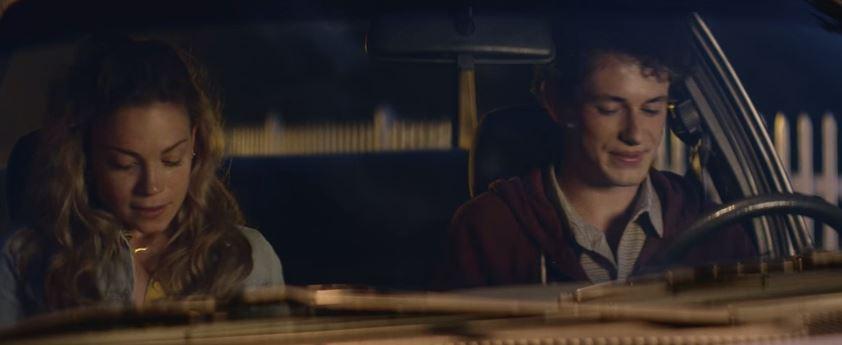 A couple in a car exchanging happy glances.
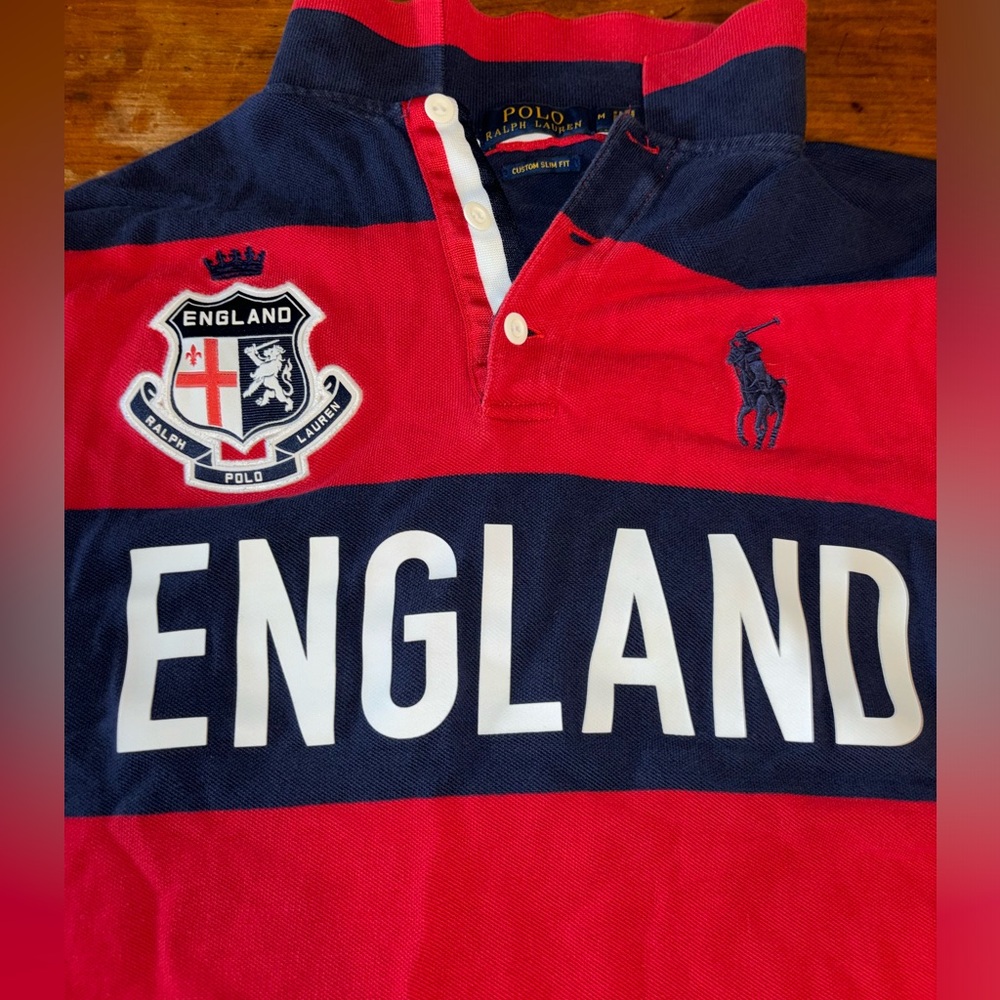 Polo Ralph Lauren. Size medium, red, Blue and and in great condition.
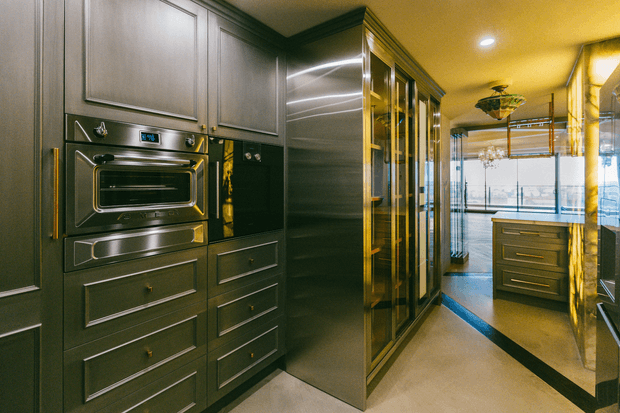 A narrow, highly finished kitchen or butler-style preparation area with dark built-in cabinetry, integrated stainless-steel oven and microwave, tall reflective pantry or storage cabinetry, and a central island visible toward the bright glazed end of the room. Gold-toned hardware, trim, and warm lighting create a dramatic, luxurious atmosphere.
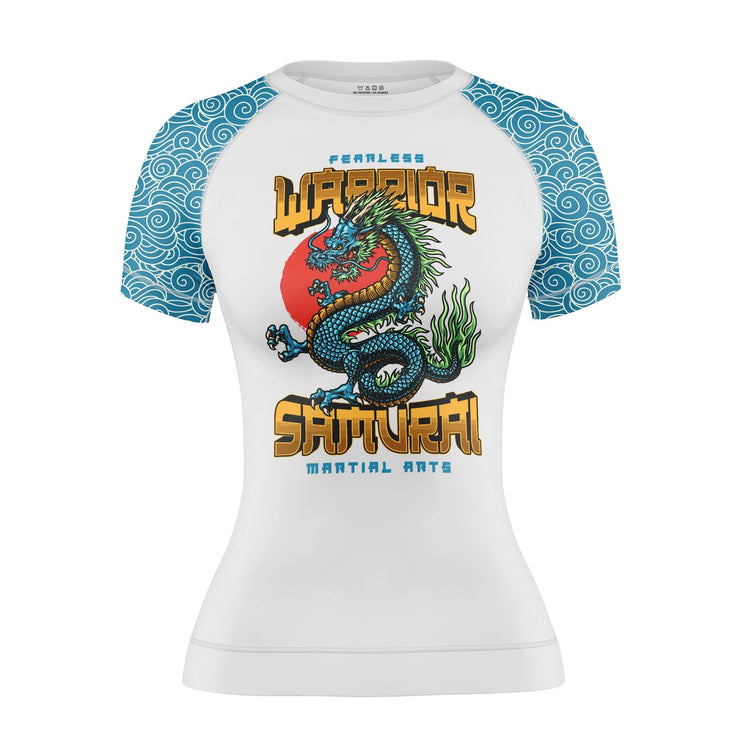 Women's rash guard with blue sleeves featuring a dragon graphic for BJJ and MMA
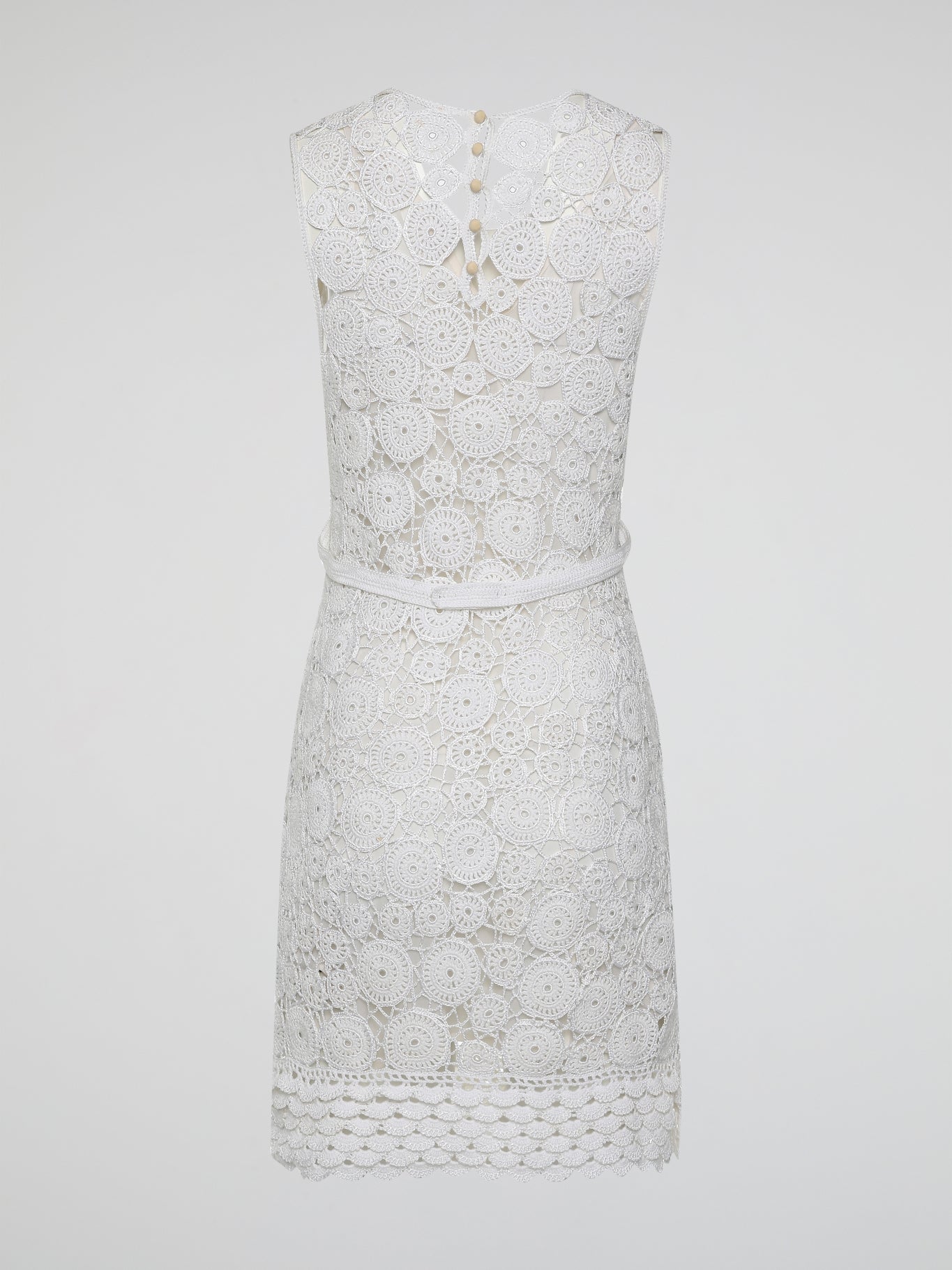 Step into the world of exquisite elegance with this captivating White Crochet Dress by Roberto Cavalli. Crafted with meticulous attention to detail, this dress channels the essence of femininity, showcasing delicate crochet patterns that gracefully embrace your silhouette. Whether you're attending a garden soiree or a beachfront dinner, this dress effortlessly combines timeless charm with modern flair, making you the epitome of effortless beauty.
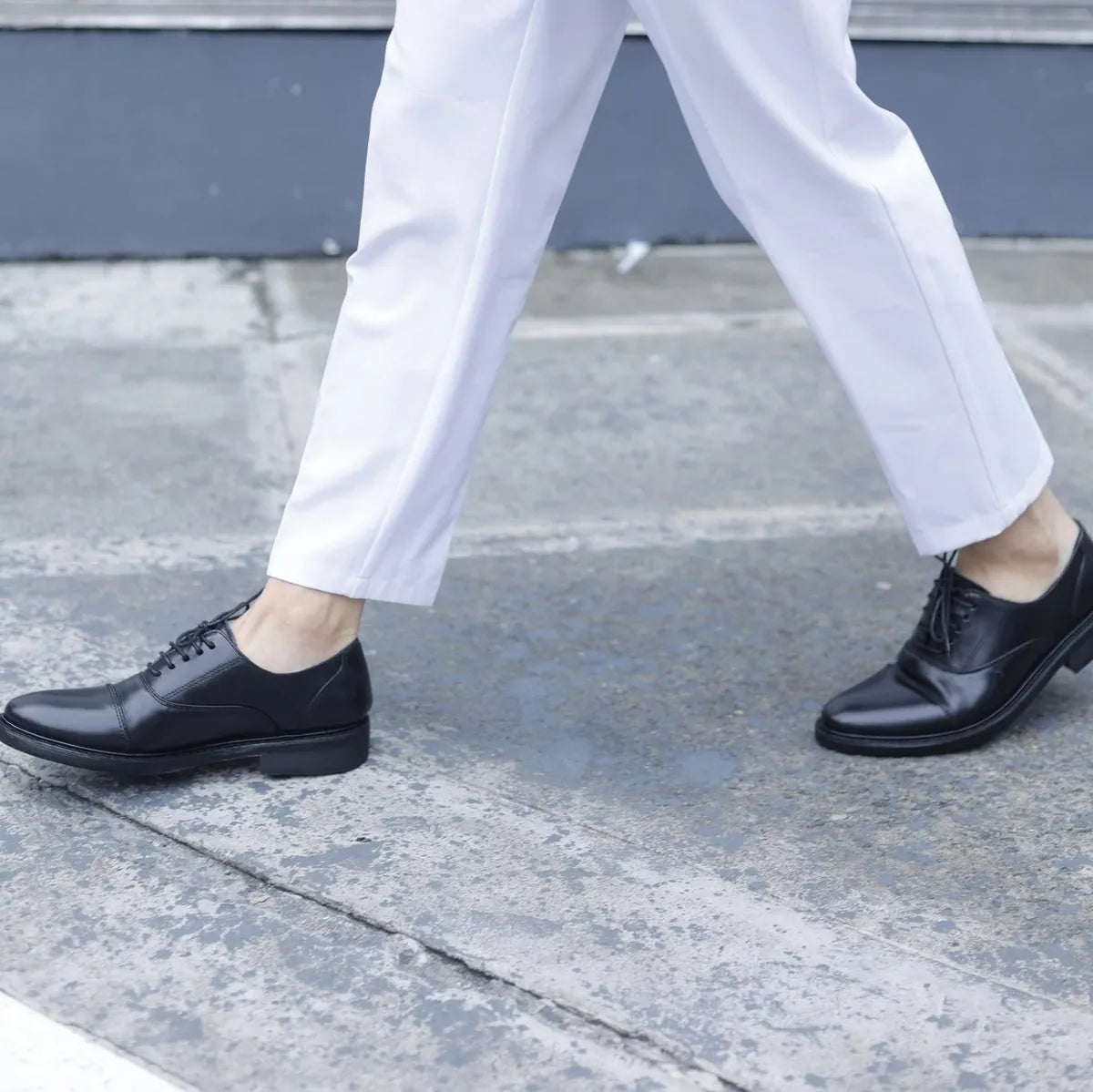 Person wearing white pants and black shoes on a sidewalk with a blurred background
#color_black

────────

| DIRECTIONS FOR THIS TASK |
Your response must consist of the material above, reproduced word for word, with the images omitted.

| ANSWER TO THIS TASK |
 A couple in a car exchanging happy glances.
 Polo Ralph Lauren. Size medium, red, Blue and and in great condition.
 A narrow, highly finished kitchen or butler-style preparation area with dark built-in cabinetry, integrated stainless-steel oven and microwave, tall reflective pantry or storage cabinetry, and a central island visible toward the bright glazed end of the room. Gold-toned hardware, trim, and warm lighting create a dramatic, luxurious atmosphere.
 Women's rash guard with blue sleeves featuring a dragon graphic for BJJ and MMA
 Step into the world of exquisite elegance with this captivating White Crochet Dress by Roberto Cavalli. Crafted with meticulous attention to detail, this dress channels the essence of femininity, showcasing delicate crochet patterns that gracefully embrace your silhouette. Whether you're attending a garden soiree or a beachfront dinner, this dress effortlessly combines timeless charm with modern flair, making you the epitome of effortless beauty.
 Person wearing white pants and black shoes on a sidewalk with a blurred background
#color_black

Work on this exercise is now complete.